I have been testing Tailscale in a POC scenario for about two weeks in a home environment (with hopes to POC it into a business environment if i find it successful).
I have a few devices connected and in one sample scenario, am running KDE Connect between a laptop and mobile phone. KDE Connect uses a dynamic set of ports in the range of 1714-1764.
I have setup an ACL to allow all hosts to speak over these ports. My rules are normally more restrictive, but in debugging have arrived at the below:
{ "Action": "accept", "Users": ["*"], "Ports": ["*:1714-1764"] },
I do not appear to see a successful connection just with this rule. The below is a tcpdump of traffic from the laptop received when refreshing KDE connect on the phone.
tcpdump: listening on tailscale0, link-type RAW (Raw IP), capture size 262144 bytes
09:25:17.850631 IP (tos 0x0, ttl 64, id 37889, offset 0, flags [+], proto UDP (17), length 1276)
100.99.104.86.45022 > 100.114.126.6.1716: UDP, bad length 1751 > 1248
09:25:17.850667 IP (tos 0x0, ttl 64, id 37889, offset 1256, flags [none], proto UDP (17), length 523)
100.99.104.86 > 100.114.126.6: ip-proto-17
09:25:21.136517 IP (tos 0x0, ttl 64, id 38023, offset 0, flags [+], proto UDP (17), length 1276)
100.99.104.86.38194 > 100.114.126.6.1716: UDP, bad length 1751 > 1248
09:25:21.136537 IP (tos 0x0, ttl 64, id 38023, offset 1256, flags [none], proto UDP (17), length 523)

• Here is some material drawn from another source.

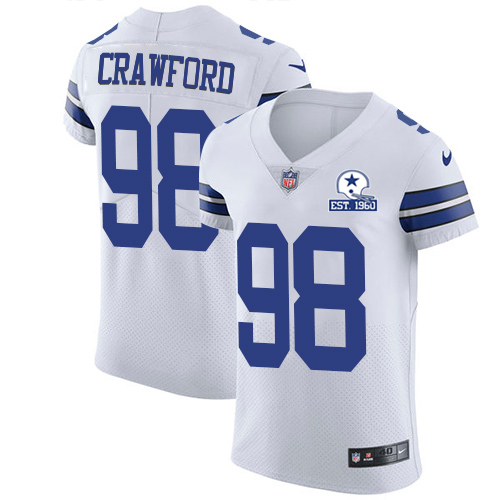 Nike Cowboys #98 Tyrone Crawford White Men's Stitched With Established In 1960 Patch NFL New Elite Jersey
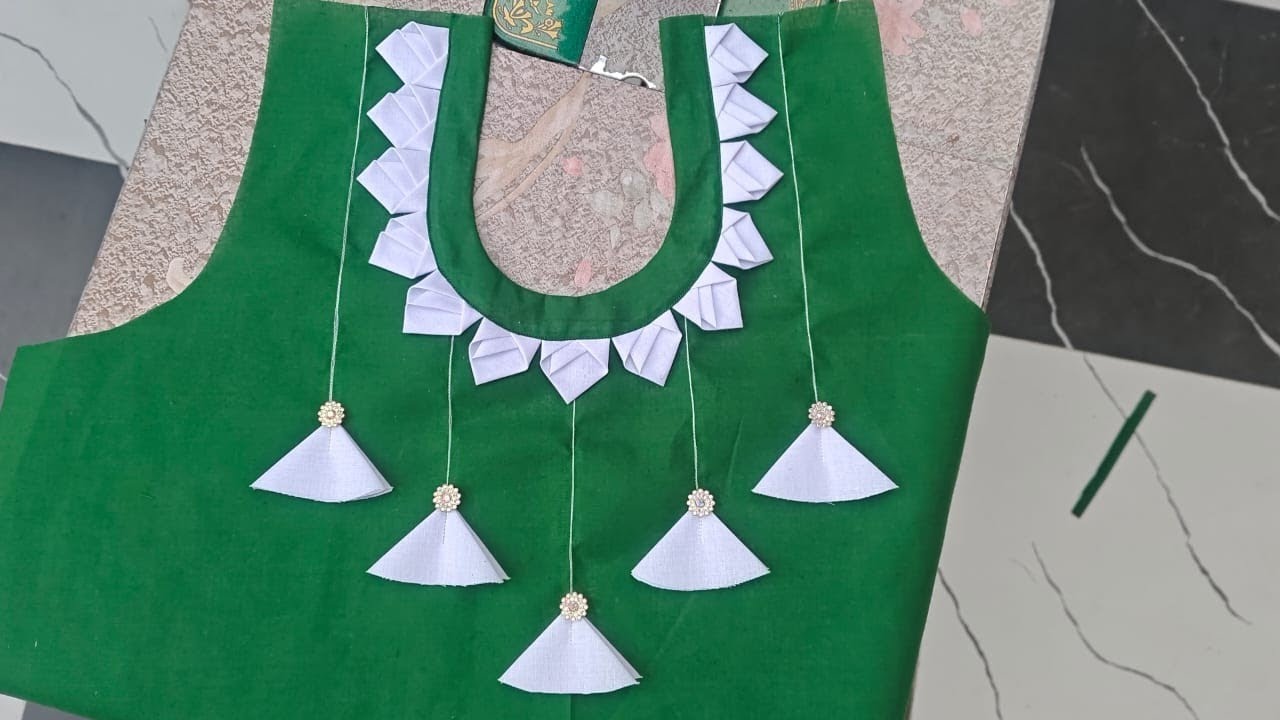 Blouse Neck Design with Fabric Pleats & Tassels | Easy Sewing Tutorial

100.99.104.86 > 100.114.126.6: ip-proto-17
If i manually add an INPUT rule in iptables on the laptop with the following, traffic starts to flow correctly and a connection is successful on KDE Connet refresh.
sudo iptables -A INPUT -i tailscale0 -p udp -s 100.99.104.86 --match multiport --dport 1714:1764 -j ACCEPT
Not sure if i am missing something in the TS ACL or if i have hit a currently limitation with handling of the ACL and UDP maybe, but keen for any insight.
if any additional debugging is needed, happy to help.